## [REQUIREMENT]
Once you have located the line containing "تصویری از شمس الله (شمس) آقاجانی" in the material below, return it exactly along with each line after it through the line containing "Benalmadena Costa Apartment".

[Opening DATASET RECORDS section]

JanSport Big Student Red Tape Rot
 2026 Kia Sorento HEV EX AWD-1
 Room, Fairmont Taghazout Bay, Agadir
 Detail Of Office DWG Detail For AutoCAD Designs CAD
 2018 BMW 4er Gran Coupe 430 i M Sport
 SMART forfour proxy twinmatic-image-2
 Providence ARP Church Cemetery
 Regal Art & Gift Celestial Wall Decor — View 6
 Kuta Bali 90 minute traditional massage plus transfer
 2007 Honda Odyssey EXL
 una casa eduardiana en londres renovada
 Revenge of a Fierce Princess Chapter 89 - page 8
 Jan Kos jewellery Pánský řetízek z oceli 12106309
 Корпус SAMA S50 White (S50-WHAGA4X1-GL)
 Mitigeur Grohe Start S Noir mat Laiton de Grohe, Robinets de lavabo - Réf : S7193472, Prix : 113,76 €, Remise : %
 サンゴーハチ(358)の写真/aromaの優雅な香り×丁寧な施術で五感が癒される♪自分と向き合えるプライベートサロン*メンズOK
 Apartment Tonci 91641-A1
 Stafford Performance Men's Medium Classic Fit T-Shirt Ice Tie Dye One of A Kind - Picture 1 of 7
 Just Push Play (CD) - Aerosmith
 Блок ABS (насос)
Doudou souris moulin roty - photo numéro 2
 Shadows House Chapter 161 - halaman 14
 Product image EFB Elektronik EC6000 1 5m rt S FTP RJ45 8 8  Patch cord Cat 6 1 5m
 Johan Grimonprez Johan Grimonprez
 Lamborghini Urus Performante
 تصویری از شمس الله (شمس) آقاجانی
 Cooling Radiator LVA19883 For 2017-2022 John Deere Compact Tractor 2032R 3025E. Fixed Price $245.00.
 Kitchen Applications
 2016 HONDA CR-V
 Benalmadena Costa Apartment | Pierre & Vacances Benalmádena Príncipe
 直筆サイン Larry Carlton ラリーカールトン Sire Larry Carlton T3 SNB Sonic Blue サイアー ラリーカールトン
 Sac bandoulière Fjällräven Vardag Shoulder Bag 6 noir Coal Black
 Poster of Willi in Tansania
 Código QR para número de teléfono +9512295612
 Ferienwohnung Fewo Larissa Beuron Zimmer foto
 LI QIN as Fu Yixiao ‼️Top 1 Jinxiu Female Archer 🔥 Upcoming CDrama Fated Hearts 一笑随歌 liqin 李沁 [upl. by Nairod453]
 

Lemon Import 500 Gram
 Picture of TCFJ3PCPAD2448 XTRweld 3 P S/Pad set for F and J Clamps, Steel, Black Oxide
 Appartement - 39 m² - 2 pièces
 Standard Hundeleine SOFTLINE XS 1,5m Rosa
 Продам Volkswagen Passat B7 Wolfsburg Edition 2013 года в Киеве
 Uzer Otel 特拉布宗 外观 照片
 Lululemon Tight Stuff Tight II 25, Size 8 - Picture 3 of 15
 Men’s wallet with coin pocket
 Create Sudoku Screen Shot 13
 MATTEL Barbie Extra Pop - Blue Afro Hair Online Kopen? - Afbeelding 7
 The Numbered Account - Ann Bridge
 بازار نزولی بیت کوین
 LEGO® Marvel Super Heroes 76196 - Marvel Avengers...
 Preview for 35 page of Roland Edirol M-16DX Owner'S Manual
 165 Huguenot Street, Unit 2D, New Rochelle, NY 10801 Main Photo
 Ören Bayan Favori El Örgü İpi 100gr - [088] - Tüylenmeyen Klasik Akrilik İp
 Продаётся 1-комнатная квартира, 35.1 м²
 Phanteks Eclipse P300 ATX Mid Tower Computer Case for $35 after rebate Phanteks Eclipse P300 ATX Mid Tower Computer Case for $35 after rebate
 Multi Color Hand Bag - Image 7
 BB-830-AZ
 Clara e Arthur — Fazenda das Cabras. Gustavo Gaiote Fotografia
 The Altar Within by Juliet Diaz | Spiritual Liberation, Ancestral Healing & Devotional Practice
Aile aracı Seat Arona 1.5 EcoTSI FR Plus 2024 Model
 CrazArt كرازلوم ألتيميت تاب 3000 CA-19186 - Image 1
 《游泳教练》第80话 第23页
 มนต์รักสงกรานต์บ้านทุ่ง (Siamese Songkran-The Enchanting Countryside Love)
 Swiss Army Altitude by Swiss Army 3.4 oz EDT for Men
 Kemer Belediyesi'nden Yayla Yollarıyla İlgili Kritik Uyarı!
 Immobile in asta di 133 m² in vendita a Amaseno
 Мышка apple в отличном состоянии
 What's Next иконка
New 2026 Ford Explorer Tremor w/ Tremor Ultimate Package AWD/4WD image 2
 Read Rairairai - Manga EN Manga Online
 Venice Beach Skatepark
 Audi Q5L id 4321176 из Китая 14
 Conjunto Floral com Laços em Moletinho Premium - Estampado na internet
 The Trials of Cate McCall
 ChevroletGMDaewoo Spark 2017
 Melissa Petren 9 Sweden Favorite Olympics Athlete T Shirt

[Closing DATASET RECORDS section]

## [RESPONSE BOX]
 تصویری از شمس الله (شمس) آقاجانی
 Cooling Radiator LVA19883 For 2017-2022 John Deere Compact Tractor 2032R 3025E. Fixed Price $245.00.
 Kitchen Applications
 2016 HONDA CR-V
 Benalmadena Costa Apartment | Pierre & Vacances Benalmádena Príncipe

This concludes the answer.